No controller or production code changes are included.

What’s in this PR

  • test/e2e/e2e_test.go

    • Keeps existing TestInvalidClusterSize, TestClusterHealthy.

    • New: TestScaling (table-driven: ScaleInFrom3To1, ScaleOutFrom1To3)

      • Verifies the controller updates StatefulSet replicas.
      • Checks etcd member list count and ensures no learners remain after scaling.
    • New: TestPodRecovery

      • Starts a 3-node PVC-backed cluster, deletes one pod, waits for recreation, and verifies it reuses the PVC.
      • Asserts member ID consistency before/after recovery (no unintended re-adds).
      • Validates replication by put on one member and get from the recovered member.
    • Updated: TestEtcdClusterFunctionality

      • Runs on a PVC-backed 3-node cluster.
      • Validates endpoint health; put/get/del; cross-member read for replication; and ensures no learners in a healthy cluster.
  • test/e2e/helpers_test.go (new)

    • Cluster + storage

      • createEtcdClusterWithPVC — creates an EtcdCluster with StorageSpec (64Mi) and PVC.
      • getAvailableStorageClass — resolves StorageClass via ETCD_E2E_STORAGECLASS env or default SC; skips if none suitable.
    • Lifecycle / waiting

      • waitForSTSReadiness — waits for StatefulSet ReadyReplicas using e2e-framework wait (tuned timeouts/intervals).
      • scaleEtcdCluster — patches spec.size and waits for STS readiness.
      • cleanupEtcdCluster — best-effort deletion.
    • Introspection

      • execInPod — runs etcdctl inside pods and returns stdout/stderr.
      • getEtcdMembers — parses etcdctl member list -w json into typed structs to build name → memberID map (more robust than string parsing).
      • verifyPodUsesPVC — asserts a pod mounts the expected PVC (by prefix).
    • Types: EtcdMember, EtcdMemberList.

Motivation

  • Address prior review feedback to split the large refactor into focused pieces.

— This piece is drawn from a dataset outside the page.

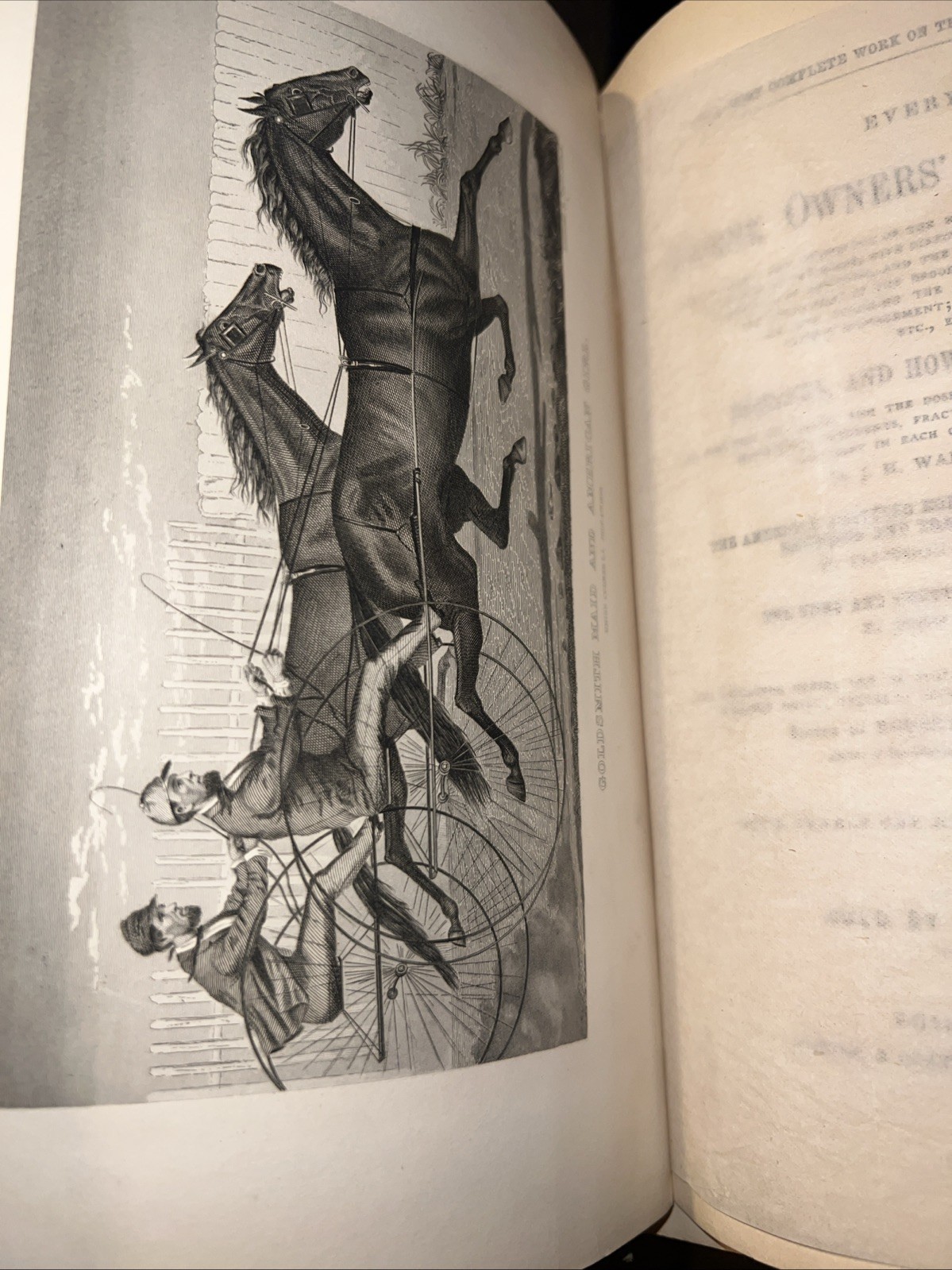 Every Horse Owners&rsquo; Cyclopedia – Diseases, And How To Cure Them 1875 & 1971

  • Add coverage for scenarios that require a real cluster (DNS/networking/storage) and are not reliable at unit-test level:

    • Scaling: keeps spec.size, StatefulSet replicas, and etcd member list in sync; ensures learners are promoted.
    • Persistence & recovery: validates PVC reuse and member ID stability across pod recreation.
    • Data-path checks: etcdctl health + KV + cross-member reads to prove replication.

How it validates behavior

  • Executes etcdctl inside pods (execInPod) to observe internal cluster state (health, member list, KV).
  • Uses JSON parsing for membership (getEtcdMembers) to avoid brittle string checks.
  • waitForSTSReadiness and targeted wait.For loops reduce flakes by waiting for ReadyReplicas and pod recreation.
  • Storage-aware helpers ensure tests run with PVC-backed clusters and skip gracefully when no StorageClass is available.

Prior work

Huge thanks to #51 by @abdurrehman107! It inspired the feature-based layout with sigs.k8s.io/e2e-framework, the Setup - Assess - Teardown flow and the use of wait.For + conditions.ResourceScaled for readiness. Appreciate the groundwork!

Notes for reviewers

  • If your cluster has no default StorageClass, it's best to ETCD_E2E_STORAGECLASS=<your-sc> before running E2E.
  • Timeouts are conservative (5m for STS readiness; 3m for pod recreation) to minimize flakes; happy to tune based on CI signal.

@k8s-ci-robot

Copy link
Copy Markdown

Hi @ballista01. Thanks for your PR.

I'm waiting for a etcd-io member to verify that this patch is reasonable to test. If it is, they should reply with /ok-to-test on its own line. Until that is done, I will not automatically test new commits in this PR, but the usual testing commands by org members will still work. Regular contributors should join the org to skip this step.

Once the patch is verified, the new status will be reflected by the ok-to-test label.

I understand the commands that are listed here.

Details

Instructions for interacting with me using PR comments are available here. If you have questions or suggestions related to my behavior, please file an issue against the kubernetes-sigs/prow repository.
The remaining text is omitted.